Most of the quotations were familiar, words which would readily come to the mind of anyone reasonably well read in Shakespeare and the Jacobeans who chose to ponder on references in English drama to death and the terror of dying. Even reading them now, truncated and childishly embellished as they were, Cordelia felt their potent and nostalgic power. The majority of them were from Shakespeare and the obvious choices were there. The longest by far—and how could the sender have resisted it?—was Claudio’s anguished cry from
Measure for Measure:

Ay, but to die, and go we know not where
To lie in cold obstruction and to rot;
This sensible warm motion to become
A kneaded clod; and the delighted spirit
To bathe in fiery floods; or to reside
In thrilling region of thick-ribbèd ice;
To be imprisoned in the viewless winds,
And blown with restless violence round about
The pendant world! …
The weariest and most loathèd worldly life
That age, ache, penury and imprisonment
Can lay on nature, is a paradise
To what we fear of death.

It was difficult to interpret that familiar passage as a personal threat; but most of the other quotations could be seen as more directly intimidating, hinting, she thought, at some retribution for real or imagined wrongs.

He that dies pays all debts.

Oh, thou weed!

Who art so lovely fair and smell’st so sweet

That the sense aches at thee, would thou hadst ne’er been born!

Some care had been taken in the choice of illustration. The skull adorned the lines from
Hamlet—

Now get you to my lady’s chamber, and tell her, let her paint an inch thick, to this favour she must come

—as it did a passage which Cordelia thought might be from John Webster, although she couldn’t identify the play.

Being heretofore drown’d in security,
You know not how to live, nor how to die;
But I have an object that shall startle you,
And make you know whither you are going.

But, even allowing for the sensitivity of an actress, it would take a fairly robust egotism to wrench these familiar words from their contexts and apply them to oneself; that, or a fear of dying so strong as to be morbid. She took a new notebook from her desk drawer and asked: “How do they arrive?”

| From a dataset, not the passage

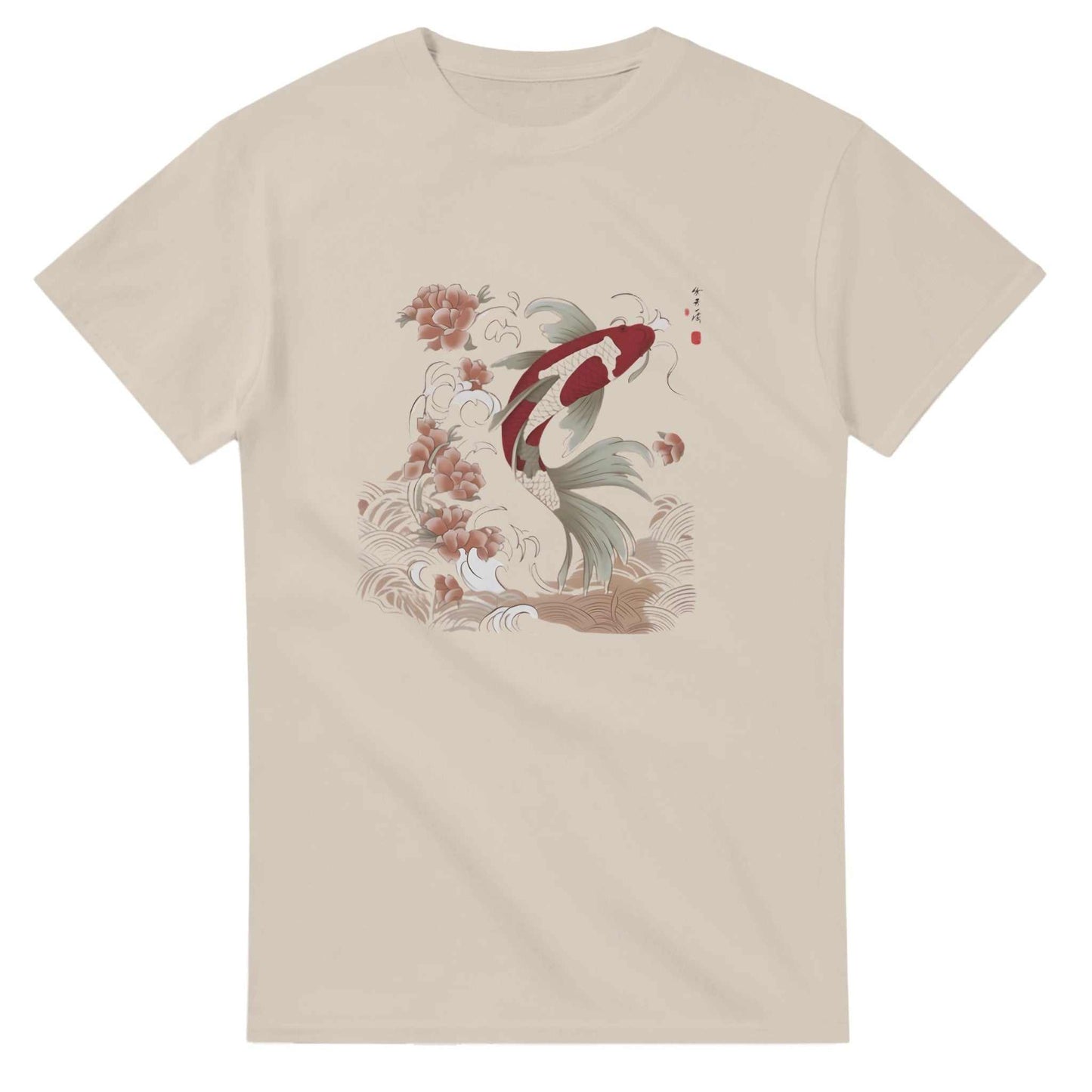 unisex heavyweight cotton koi asian style crewneck t-shirt with classic fit and koi fish design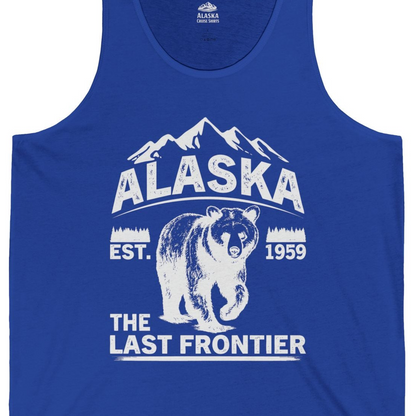 Alaska Bear Shirt Tank Top – True Royal – Alaska Cruise Shirts Close Up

“Most come by post in the same type of envelope as the paper and with the address typed. My wife didn’t think to keep any of the envelopes. A few were delivered by hand either at the theatre or at our London flat. One was pushed under the dressing-room door during the run of
Macbeth
. The first half dozen or so were destroyed—best thing to do with them all in my view. These twenty-three are all we now have. I’ve
numbered them in pencil on the back in the order of receipt as far as my wife can remember and with information about when and how each was delivered.”